He added: ‘The point is that for a Muslim, a depiction, particularly a comic or demeaning depiction, of the Prophet Mohammed might have the emotional force of a piece of grotesque child pornography.
‘One of the mistakes secularists make is not to understand the character of what blasphemy feels like to someone who is a realist in their religious belief.’
I think he miss a point here. Blasphemy used to have « emotional force of a piece of grotesque child pornography » to Christians. It stopped because after watching a few, most of them realized it wasn't so bad, after all.
How do you expect people not to consider their religion above criticism/satire/mockery when you refuse to criticize, satire or mock it ? Things don't change by themselves, it takes courageous people to change them.
In an interview, he said Islam was ‘almost entirely’ practised by people who already may feel in other ways ‘isolated’, ‘prejudiced against’ and who may regard an attack on their religion as ‘racism by other means’.

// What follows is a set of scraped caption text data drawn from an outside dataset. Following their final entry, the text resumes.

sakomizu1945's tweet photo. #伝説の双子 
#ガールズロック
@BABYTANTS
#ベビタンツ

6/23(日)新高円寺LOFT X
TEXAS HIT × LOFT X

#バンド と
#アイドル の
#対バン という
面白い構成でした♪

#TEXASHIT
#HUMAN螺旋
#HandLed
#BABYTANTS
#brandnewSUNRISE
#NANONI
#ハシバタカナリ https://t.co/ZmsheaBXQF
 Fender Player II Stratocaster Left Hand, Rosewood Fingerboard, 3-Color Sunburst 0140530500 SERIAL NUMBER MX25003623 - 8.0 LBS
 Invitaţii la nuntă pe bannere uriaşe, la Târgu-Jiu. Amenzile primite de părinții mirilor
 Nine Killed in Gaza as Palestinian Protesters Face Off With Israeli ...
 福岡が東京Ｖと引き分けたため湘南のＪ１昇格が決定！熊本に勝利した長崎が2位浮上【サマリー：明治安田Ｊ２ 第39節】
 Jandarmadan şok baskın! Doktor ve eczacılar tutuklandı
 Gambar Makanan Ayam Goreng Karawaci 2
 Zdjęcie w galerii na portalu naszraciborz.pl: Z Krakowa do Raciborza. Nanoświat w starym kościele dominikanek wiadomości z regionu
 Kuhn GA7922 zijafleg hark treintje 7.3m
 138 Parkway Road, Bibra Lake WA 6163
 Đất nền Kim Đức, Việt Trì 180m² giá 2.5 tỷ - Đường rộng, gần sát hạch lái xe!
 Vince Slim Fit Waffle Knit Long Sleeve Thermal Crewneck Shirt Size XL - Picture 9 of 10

Well, if they fell prejudiced when they are treated the same way as others, and don't get
more respect for them, I'd say the problem is on
their side.
Not meaning we shouldn't help them overcome this problem, but hiding it and encouraging them to continue this way does not seem the right thing to do.
So I encourage caricature of Muhammad. Actually, that was one of my old avatar :
(Text reads : I'm a caricature of Muhammad).
I even made a cool animated version where Muhammad became Jesus, then Chuck Norris, then Sarkozy, and a few others, bug sadly gif does not support transparency as well as png.
Why don't they can introduce an Islam-hating Pakistani ex-Muslim character in Eastenders called Sharif?
Because that would be think off just as much an attack on Muslims than it would if the Islam-hating character is Benedict or Samuel. Or maybe even worse. And the actor playing the character would be just as much a target for any radical than Ayaan Hirsi Ali or Taslima Nasreen, and I don't think any actor wants that.